As an example, he cites N. K. Sinha’s The Economic History of Bengal, volume 2 (1965). There are, however, two other volumes, 1 and 3, in Sinha’s ‘economic history’, and perhaps the perusal of the whole work may induce Datta to take a more favourable view of the work. The reason why he calls his essay a contri-bution for, rather than of, the economic history of Bengal, is that the latter does not exist in his view, his effort being the first in this direction. Presumably, B. B. Chaudhuri is exempt from this comprehensive judgement.

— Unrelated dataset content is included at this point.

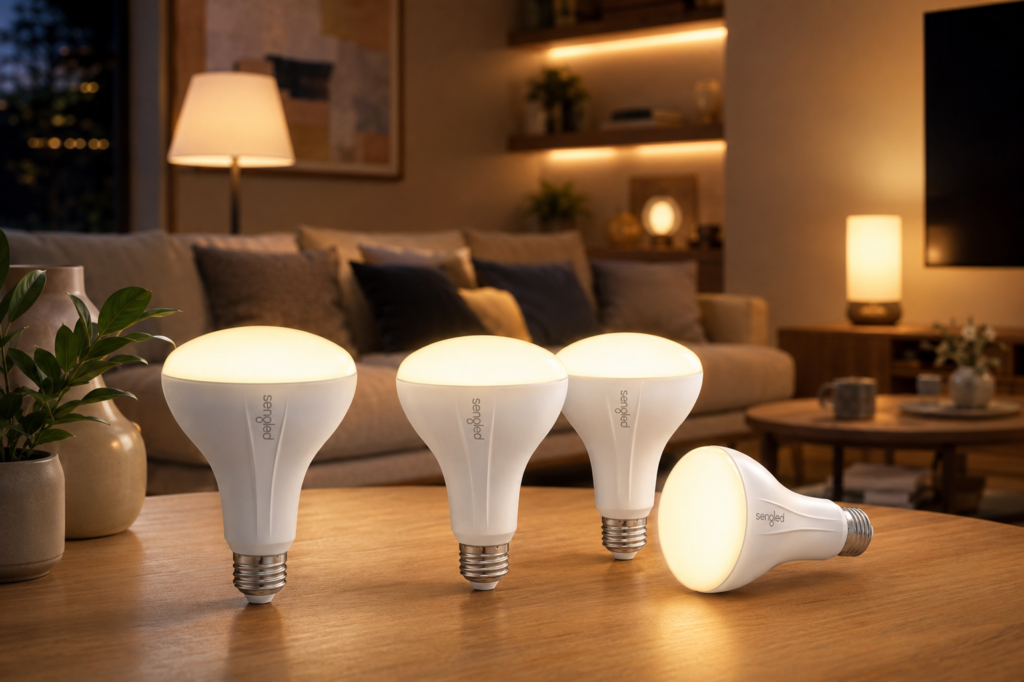 Sengled Smart Bulb, Zigbee Hub Required A cozy, aspirational living-room scene now places the Sengled bulbs naturally within an everyday home setting.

In conclusion, we may note that Indian society figures numerically as one of the three largest peasant societies of the modern world, the other two being China and Russia. It is a matter of debate whether the Indian peasantry was a highly differentiated class in economic terms, but what is not in doubt is its peculiar fragmentation on account of the ubiquity of caste and community in its constitution. This is a point that stands out clearly from the ‘Other Histories’ (especially Sekhar Bandopadhyay’s essay) appended to the ‘Agrarian’ history in this book. This differentiates India’s history from those of China and Russia, despite the fact that all three are counted as backward societies in the colonial era. The essays for B. B. Chaudhuri have gained much from this binding together of agrarian and other essays.